It was Wednesday, late Wednesday.
As Cylea made her way through the airport terminal, people surged past on either side of her, pushing and shouldering, hefting bags and coats like weapons against the cold and the light drizzle of rain that played along the sidewalks outside. Her black leather boots padded silent across dull grey carpet worn smooth by the footsteps of thousands of passengers over the last century and a few spare decades beyond that, stepping lightly past clusters of obese, stereotypical tourists that clung to the walls in noisy knots. Most of them were Chinese, men and women from the East chattering happily or descending upon the gift shops and restaurants that lined the walls in tight clumps, sweaty fingers eagerly pressing cash cards into those glorified vending machines. In a way, it was almost entertaining to watch them, wealthy and oblivious– nothing like Hok and his family, her family, the family that had taken her in and treated her as one of their own, working to secure her sanctuary with the stark, no-nonsense Triads... She swallowed quickly, pushing the thoughts away, trying not to think about the sacrifices they had made, the sacrifices that had gotten her as far as they had, allowed her to be here, now, on the edge of an almost phantom-like safety that waited for her somewhere in Hong Kong with the Golden Koi. Thinking about all the terrible twists and turns she’d endured that day, about all the brushes with death and hot cacophonic explosions of lead and fire and the outright shattering of a way of life she’d finally grown accustomed to brought a bad taste to her mouth, a bad taste that had the nasty tendency to linger.

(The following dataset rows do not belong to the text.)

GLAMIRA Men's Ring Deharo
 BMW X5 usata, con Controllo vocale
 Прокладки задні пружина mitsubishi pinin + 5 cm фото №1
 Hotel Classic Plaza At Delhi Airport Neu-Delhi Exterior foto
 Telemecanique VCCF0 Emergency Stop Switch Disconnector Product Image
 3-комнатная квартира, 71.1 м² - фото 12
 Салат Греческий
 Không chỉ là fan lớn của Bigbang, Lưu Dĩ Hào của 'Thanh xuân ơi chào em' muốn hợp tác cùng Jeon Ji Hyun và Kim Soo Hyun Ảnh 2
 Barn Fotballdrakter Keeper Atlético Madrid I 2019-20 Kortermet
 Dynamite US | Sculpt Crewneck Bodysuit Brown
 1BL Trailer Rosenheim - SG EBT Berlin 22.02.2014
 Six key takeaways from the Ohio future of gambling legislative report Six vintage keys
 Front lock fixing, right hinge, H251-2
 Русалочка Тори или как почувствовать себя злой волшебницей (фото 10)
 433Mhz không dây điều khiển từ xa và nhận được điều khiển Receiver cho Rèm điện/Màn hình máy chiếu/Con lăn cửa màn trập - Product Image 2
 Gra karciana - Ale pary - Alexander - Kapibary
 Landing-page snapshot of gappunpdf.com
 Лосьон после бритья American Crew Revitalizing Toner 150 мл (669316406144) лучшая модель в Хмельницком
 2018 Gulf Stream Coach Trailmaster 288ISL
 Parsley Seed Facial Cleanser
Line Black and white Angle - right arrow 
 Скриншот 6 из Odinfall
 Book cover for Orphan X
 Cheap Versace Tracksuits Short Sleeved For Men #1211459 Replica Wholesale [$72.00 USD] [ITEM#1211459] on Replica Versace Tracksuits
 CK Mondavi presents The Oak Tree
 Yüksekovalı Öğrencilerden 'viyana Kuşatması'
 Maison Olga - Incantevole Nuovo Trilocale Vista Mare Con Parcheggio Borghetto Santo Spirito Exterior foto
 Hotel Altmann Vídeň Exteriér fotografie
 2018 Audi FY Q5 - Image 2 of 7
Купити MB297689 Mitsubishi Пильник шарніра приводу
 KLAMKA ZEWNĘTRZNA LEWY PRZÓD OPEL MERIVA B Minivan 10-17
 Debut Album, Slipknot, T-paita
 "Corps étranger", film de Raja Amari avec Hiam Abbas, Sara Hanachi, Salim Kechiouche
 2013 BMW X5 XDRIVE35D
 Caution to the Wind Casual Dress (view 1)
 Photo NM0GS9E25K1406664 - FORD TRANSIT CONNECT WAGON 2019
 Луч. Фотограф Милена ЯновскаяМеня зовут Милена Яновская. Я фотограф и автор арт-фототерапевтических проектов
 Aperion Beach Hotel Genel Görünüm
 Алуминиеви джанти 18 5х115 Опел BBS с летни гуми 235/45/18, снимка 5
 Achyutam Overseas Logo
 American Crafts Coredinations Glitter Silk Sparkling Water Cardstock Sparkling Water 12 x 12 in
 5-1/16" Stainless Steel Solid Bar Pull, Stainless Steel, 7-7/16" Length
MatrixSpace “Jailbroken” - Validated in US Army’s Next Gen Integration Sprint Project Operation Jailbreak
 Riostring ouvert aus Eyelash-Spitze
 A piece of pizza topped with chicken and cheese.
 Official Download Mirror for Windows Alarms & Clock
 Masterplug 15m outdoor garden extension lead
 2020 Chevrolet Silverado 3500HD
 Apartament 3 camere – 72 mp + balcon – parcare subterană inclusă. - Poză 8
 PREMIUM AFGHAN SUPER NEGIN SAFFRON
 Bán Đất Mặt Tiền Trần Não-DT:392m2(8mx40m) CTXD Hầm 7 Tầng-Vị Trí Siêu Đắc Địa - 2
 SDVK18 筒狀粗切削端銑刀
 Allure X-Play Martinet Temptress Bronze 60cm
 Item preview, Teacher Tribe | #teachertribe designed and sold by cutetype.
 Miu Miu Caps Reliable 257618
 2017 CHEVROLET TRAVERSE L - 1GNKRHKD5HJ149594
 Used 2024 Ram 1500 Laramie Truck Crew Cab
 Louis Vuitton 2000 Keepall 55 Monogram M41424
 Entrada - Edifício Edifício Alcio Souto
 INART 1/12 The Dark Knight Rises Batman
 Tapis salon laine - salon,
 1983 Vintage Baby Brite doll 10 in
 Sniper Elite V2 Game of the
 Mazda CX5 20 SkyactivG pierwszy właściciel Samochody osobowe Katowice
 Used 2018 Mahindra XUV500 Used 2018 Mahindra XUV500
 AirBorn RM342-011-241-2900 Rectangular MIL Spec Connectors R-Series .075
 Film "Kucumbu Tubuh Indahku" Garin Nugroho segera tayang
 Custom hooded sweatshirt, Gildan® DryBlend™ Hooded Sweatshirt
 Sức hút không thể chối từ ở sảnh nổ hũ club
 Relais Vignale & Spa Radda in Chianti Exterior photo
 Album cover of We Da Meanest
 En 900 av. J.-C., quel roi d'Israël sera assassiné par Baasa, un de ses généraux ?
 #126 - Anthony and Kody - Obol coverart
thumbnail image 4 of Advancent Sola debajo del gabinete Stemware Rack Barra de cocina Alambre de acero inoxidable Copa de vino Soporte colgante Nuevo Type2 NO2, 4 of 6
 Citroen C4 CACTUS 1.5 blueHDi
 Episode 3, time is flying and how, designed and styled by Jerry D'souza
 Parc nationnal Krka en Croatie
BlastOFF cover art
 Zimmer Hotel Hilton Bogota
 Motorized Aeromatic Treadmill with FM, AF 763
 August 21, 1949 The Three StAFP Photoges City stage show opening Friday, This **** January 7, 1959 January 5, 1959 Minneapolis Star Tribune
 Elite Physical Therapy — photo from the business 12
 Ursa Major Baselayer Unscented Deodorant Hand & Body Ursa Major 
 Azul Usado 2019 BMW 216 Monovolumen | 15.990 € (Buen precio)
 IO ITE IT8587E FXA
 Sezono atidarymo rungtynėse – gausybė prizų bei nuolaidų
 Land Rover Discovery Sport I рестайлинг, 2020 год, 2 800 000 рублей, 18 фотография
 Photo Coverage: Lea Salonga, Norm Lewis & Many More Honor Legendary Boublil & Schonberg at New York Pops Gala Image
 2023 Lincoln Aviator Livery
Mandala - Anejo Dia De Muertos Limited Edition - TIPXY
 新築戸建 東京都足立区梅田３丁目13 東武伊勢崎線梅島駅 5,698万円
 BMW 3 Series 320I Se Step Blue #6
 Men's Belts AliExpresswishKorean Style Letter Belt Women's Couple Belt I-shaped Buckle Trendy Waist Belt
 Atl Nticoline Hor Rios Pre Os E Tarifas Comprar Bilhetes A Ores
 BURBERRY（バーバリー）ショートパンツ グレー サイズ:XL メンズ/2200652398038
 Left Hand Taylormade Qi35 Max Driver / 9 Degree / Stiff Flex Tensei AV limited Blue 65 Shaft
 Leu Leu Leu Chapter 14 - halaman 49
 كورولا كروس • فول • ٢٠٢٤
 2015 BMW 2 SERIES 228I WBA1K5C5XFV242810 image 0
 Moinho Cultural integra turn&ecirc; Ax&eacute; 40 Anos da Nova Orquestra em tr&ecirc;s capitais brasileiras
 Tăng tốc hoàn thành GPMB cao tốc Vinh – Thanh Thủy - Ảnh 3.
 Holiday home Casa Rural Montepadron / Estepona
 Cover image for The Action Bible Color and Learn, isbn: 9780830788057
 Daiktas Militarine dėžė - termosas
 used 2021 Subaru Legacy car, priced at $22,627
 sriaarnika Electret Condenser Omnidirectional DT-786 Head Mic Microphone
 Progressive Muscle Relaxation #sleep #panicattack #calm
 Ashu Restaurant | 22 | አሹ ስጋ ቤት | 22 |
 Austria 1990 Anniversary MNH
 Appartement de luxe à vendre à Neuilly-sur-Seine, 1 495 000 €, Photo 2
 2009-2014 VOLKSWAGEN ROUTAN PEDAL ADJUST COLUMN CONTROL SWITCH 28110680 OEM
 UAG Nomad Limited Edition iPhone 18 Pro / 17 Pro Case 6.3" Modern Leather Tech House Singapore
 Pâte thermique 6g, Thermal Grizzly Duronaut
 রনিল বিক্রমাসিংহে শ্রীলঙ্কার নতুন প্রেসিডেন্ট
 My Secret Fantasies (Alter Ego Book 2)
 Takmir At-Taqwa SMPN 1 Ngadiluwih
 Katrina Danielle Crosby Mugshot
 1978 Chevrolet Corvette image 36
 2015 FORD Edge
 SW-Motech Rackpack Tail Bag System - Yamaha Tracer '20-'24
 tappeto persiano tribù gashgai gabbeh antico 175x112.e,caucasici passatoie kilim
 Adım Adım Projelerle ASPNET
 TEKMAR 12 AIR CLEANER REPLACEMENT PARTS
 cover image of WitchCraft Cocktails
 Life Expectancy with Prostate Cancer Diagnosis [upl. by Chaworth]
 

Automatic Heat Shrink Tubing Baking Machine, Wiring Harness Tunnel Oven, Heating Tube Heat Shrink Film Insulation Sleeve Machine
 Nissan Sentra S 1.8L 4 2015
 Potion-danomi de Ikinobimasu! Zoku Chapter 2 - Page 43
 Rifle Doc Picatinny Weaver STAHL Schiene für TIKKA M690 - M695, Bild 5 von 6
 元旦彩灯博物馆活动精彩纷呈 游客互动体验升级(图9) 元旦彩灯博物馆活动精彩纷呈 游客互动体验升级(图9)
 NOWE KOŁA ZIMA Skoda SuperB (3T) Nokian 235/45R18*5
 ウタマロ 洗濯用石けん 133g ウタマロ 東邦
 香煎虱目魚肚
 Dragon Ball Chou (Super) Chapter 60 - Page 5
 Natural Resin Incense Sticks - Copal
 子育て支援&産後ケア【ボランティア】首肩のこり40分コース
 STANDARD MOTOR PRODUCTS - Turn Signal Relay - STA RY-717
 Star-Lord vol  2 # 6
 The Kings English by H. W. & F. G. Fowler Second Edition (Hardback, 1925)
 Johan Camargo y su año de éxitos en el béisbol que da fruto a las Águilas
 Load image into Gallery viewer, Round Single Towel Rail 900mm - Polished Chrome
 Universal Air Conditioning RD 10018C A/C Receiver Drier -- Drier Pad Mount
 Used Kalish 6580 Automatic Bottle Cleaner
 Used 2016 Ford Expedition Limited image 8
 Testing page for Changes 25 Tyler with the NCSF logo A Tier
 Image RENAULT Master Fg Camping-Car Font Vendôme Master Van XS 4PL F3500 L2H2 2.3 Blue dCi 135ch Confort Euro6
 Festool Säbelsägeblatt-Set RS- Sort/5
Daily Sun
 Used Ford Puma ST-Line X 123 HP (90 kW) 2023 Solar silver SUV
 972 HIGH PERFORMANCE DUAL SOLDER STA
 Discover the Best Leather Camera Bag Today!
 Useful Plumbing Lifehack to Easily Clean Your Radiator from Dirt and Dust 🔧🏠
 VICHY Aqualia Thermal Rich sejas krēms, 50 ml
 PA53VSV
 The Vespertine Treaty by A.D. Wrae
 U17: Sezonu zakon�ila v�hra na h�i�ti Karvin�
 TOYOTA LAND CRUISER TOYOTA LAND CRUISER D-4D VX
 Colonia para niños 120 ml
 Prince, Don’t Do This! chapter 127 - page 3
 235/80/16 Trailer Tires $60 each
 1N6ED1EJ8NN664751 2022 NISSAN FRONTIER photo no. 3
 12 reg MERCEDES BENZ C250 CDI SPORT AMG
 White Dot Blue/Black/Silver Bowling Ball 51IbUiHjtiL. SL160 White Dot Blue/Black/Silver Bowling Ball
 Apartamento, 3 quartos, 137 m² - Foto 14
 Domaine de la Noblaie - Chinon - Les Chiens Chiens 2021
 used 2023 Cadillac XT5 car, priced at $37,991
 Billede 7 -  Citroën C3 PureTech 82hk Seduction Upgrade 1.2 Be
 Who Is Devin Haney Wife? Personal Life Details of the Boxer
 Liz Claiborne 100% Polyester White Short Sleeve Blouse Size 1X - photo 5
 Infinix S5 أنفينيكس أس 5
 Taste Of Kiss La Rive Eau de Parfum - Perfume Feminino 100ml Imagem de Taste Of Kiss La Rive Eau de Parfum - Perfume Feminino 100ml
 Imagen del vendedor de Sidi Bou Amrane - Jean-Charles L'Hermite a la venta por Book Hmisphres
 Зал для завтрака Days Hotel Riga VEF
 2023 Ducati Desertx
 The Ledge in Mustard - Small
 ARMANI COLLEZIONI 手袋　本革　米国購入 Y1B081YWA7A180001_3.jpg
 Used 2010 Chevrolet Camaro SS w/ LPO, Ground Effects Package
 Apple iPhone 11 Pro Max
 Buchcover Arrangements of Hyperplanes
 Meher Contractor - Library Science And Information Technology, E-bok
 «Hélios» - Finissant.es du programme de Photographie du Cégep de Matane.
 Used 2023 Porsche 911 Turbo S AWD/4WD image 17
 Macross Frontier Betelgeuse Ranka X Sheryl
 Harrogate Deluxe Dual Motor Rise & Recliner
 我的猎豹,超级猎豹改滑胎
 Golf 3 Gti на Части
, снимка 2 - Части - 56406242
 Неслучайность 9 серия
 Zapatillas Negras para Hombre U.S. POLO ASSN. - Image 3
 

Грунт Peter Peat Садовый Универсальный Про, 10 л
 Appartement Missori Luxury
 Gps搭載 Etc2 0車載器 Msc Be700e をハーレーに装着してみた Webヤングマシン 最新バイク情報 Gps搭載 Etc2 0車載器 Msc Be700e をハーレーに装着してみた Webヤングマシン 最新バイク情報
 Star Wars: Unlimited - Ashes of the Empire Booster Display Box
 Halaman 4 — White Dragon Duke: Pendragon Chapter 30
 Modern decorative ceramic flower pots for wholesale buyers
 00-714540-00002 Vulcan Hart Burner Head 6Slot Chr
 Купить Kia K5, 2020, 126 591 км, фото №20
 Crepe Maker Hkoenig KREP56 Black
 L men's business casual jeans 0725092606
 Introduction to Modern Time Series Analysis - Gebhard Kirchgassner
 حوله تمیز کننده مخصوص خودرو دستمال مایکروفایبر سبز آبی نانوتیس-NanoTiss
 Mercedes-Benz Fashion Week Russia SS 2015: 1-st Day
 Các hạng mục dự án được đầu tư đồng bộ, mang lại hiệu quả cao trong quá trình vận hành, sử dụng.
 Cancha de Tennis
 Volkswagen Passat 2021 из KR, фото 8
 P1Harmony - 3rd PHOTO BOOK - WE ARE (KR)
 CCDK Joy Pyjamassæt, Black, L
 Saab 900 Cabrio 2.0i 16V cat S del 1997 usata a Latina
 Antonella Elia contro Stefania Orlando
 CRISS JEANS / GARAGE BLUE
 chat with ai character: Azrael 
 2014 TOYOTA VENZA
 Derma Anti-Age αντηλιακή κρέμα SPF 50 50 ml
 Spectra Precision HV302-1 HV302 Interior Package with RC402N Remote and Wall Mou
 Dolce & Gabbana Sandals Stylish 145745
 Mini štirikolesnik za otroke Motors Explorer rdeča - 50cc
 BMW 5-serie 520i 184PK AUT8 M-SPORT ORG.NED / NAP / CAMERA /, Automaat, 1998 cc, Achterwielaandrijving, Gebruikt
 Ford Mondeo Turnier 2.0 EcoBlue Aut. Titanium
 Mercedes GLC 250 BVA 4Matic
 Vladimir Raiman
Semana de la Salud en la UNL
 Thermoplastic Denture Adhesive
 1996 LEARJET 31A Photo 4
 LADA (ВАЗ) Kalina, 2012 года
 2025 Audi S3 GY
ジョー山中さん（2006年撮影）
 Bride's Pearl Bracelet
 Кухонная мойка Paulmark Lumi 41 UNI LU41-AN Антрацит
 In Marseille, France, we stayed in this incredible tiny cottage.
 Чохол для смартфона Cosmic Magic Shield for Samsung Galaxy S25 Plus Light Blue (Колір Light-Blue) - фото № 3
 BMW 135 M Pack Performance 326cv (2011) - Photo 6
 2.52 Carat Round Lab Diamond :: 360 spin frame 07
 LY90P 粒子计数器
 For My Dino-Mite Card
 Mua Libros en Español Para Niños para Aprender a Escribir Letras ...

Sighing, she ran one lithe hand absently through her short, wild blond hair, then let it drift back to the top of a worn, olive-drab commuter bag slung loosely over her shoulder. Her vibrant, clear blue eyes drifted absently ahead of her, distant and aloof over her distinctively Germanic nose and gently curving, painfully pink lips. At her neck, a small silver chain stretched down her chest to a single Japanese character, kanji for “Tsuki,” –she’d long since forgotten the translation– that rested between her breasts, just over the top of a white, stylized eye of the Egyptian god Ra emblazoned across the front of her loose, black tanktop.
With the quiet clink of metal on metal, the kanji bounced lightly against something that was an even bigger mystery to her– a small brass key marked with a single word: “Gramercy.” She knew both were important, significant in some hidden way, each keys to mysteries in their own right– but how she knew was another story, one she still had yet to discover, an elusive thread that she kept grabbing at and that kept unraveling more mysteries than answers with each desperate attempt. It was like deja vu, but stranger, much stranger, almost like sifting through someone else’s memories.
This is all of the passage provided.